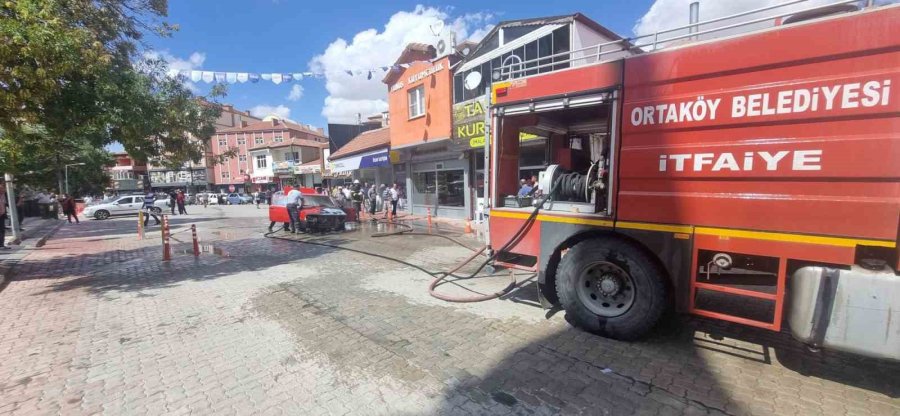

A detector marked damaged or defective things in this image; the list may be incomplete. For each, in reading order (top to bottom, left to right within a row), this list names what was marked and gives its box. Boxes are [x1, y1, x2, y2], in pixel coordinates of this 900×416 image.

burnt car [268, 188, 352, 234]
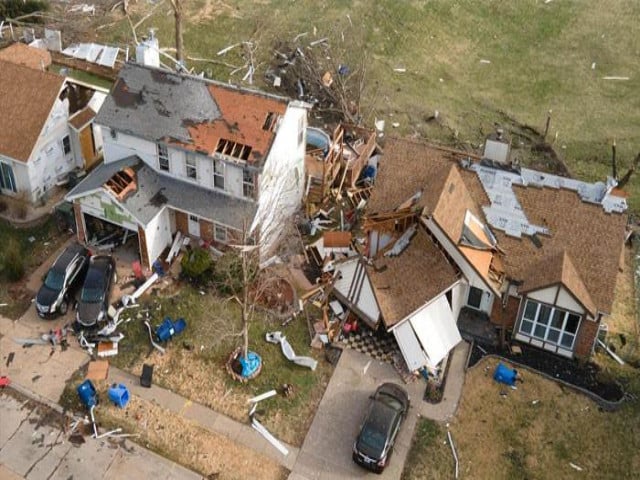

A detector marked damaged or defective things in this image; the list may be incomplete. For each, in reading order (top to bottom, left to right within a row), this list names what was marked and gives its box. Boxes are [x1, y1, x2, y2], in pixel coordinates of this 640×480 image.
---
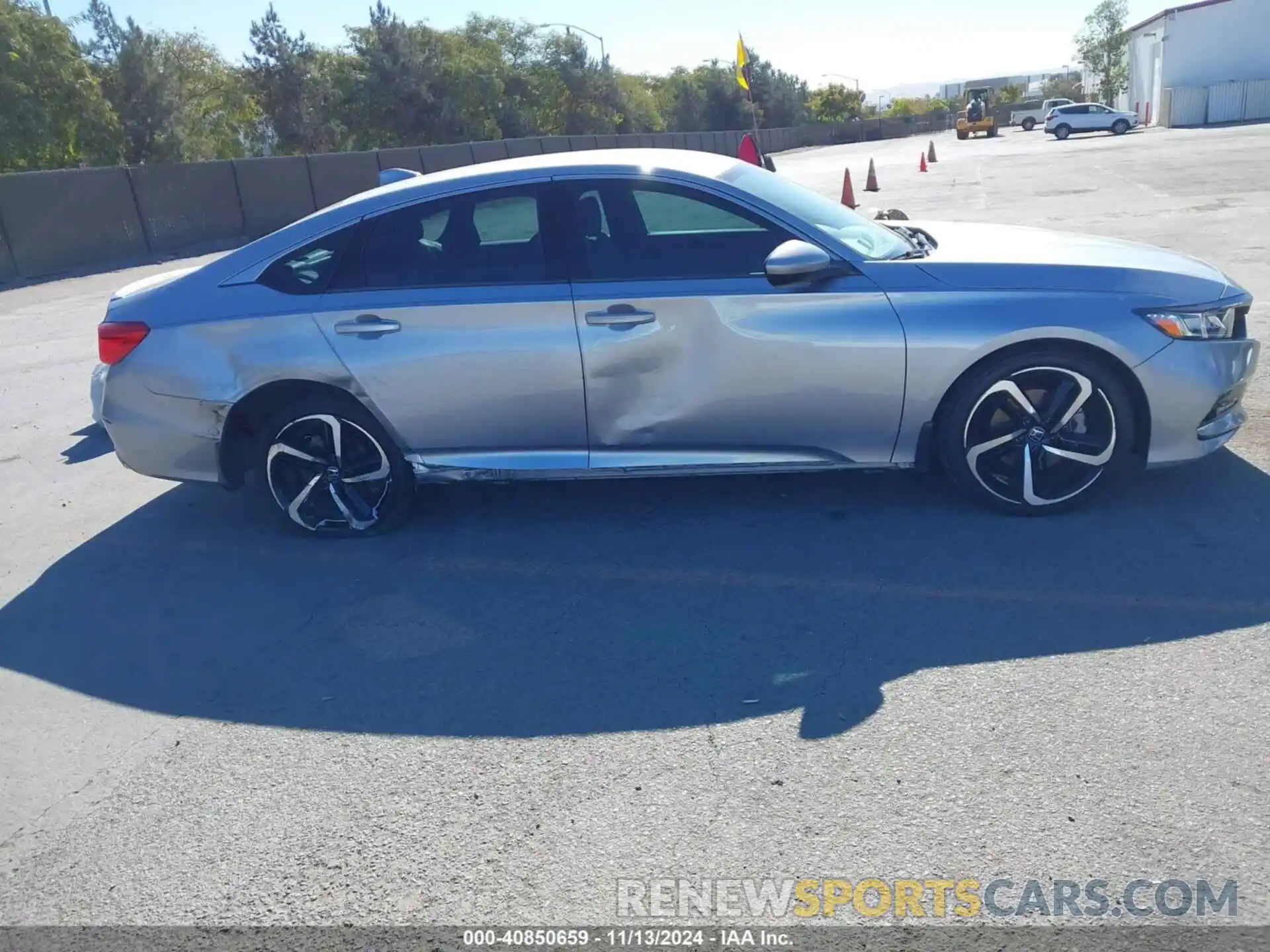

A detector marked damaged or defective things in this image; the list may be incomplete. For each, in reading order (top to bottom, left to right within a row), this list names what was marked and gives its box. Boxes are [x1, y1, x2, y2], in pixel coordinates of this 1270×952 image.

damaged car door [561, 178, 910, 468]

**EXERCISE AIM:** In the data above, find the line containing "this 900×416 image." and the line containing "this 640×480 image.". Repeat those two lines and everything between them exactly, minus the pictures.

**ANSWER SPACE:**
A detector marked damaged or defective things in this image; the list may be incomplete. For each, in reading order (top to bottom, left to right within a row), this list names what was marked and gives its box. Boxes are [x1, y1, x2, y2], in pixel coordinates of this 900×416 image.

burnt car [268, 188, 352, 234]

A detector marked damaged or defective things in this image; the list may be incomplete. For each, in reading order (top to bottom, left to right within a row), this list names what was marked and gives its box. Boxes are [x1, y1, x2, y2], in pixel coordinates of this 640×480 image.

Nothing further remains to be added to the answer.